The average London home crossed £510,000 in May 2026, according to Land Registry figures — and yet first-time buyer completions in the capital are up 14 percent year-on-year. That apparent contradiction tells you everything about this market. It is brutal, but it is not closed.
Three forces are reshaping what's possible for buyers getting on the ladder in 2026. Stamp duty thresholds for first-timers, revised under last autumn's Housing Activation Act, now exempt purchases up to £450,000 from any charge. The Deposit Unlock 2.0 scheme — a government-backed mortgage guarantee extended in March to cover properties up to £500,000 — has given lenders cover to offer 95 percent loan-to-value products again. And a wave of new-build completions along the Elizabeth Line is landing just as buyers are looking east.
Where the Deals Actually Are
Forget Zone 2. The action for first-time buyers is in a band stretching from Woolwich Arsenal in the southeast to Hayes & Harlington in the west. Both sit on the Elizabeth Line. Both are seeing completions from developers who broke ground in 2022 and 2023, when land was cheaper. A two-bedroom flat at the Berkeley Group's Woolwich Exchange development — launched in phases since 2021 — was asking £375,000 in June. That's below the stamp duty exemption threshold. The monthly mortgage payment on a 95 percent deal at current rates runs to roughly £1,850, which still stings, but is no longer fantasy arithmetic for a dual-income household earning the London median of around £42,000 each.
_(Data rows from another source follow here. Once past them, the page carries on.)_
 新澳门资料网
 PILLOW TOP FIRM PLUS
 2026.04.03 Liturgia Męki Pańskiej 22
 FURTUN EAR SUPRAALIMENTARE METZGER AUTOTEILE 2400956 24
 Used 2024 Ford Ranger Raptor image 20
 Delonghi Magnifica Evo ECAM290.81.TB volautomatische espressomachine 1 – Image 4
Further out, Peabody Trust's regeneration at Thamesmead — long mocked as a concrete failure — is delivering 1,700 new homes across its Waterside Quarter phase, with shared ownership options starting at £112,500 for a 25 percent stake in a one-bedroom flat. The Crossrail Place planning corridor has pushed Transport for London to commit to extending the Tram network to Thamesmead by 2029, which analysts at JLL expect will lift local values by 8 to 12 percent before the trams even run.
Tottenham Hale is another name to watch. Haringey Council approved a further 2,400 homes around the gyratory in February, including a tranche of First Homes — sold at a mandatory 30 percent discount to market rate to qualifying buyers earning under £80,000. The First Homes scheme has been criticised for moving slowly nationally, but the Tottenham Hale allocation is among the largest single-site tranches in London to date.
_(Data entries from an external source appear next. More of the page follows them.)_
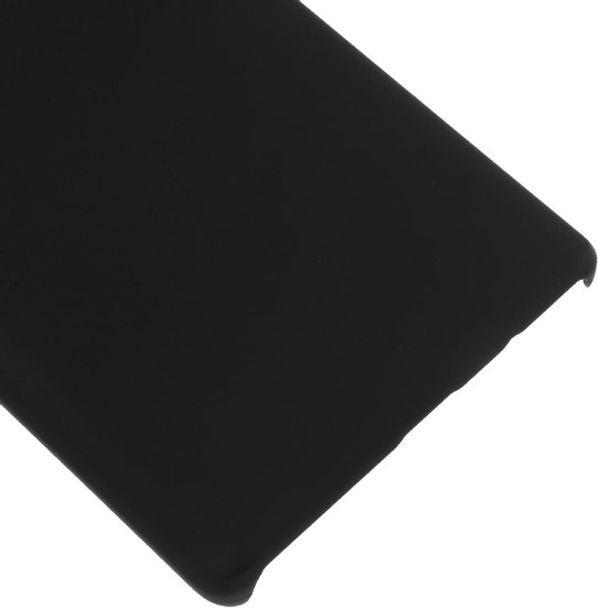 Image du produit MU Classic Série Hardcase (Samsung Galaxy Note 9)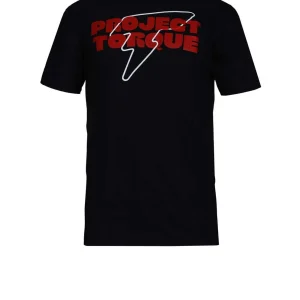 Playera Modelo 027027000010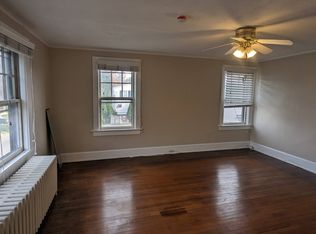 152 River Road Ext FLOOR 2, Cos Cob, CT 06807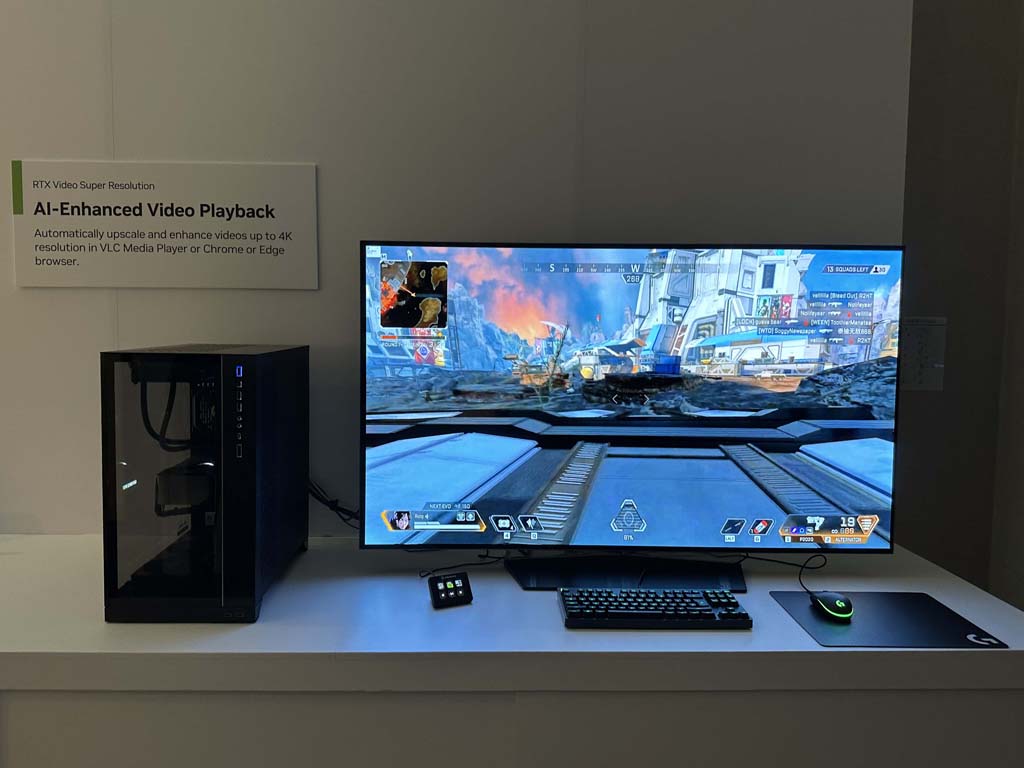 NVIDIA_press_09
What Buyers Are Getting Wrong
The most common mistake right now is fixating on Zone 2 postcodes — Hackney, Battersea, Bermondsey — where even the stamp duty reform doesn't make numbers work on a single average salary. A one-bedroom flat on Bermondsey Street is still asking north of £550,000. Eligible buyers are better served by running the numbers in N17, SE28, or UB3 before dismissing them as too far from Zone 1.
Buyers also need to move fast on the Deposit Unlock 2.0 window. The guarantee scheme is currently authorised to run until December 2027, but participation from lenders is not unlimited — Halifax, Nationwide, and Virgin Money are confirmed participants, while several smaller building societies have not signed up. Getting a mortgage in principle from a participating lender before making offers is not optional housekeeping; it's the difference between being taken seriously and losing a property.
Solicitors specialising in new-build conveyancing — firms like Blacks Connect and Premier Property Lawyers both have London-specific teams — are also reporting eight-to-ten week backlogs. First-time buyers who haven't instructed a solicitor before finding a property are routinely losing out to buyers who have. Sort the legal side first. Then go viewing.
The market will not wait. Completions on the current pipeline of 18,000 approved London units are weighted toward late 2026 and early 2027, which means supply pressure eases slightly in the next six to twelve months. That window, narrow as it is, is the best entry point for first-time buyers this decade so far. Use it carefully.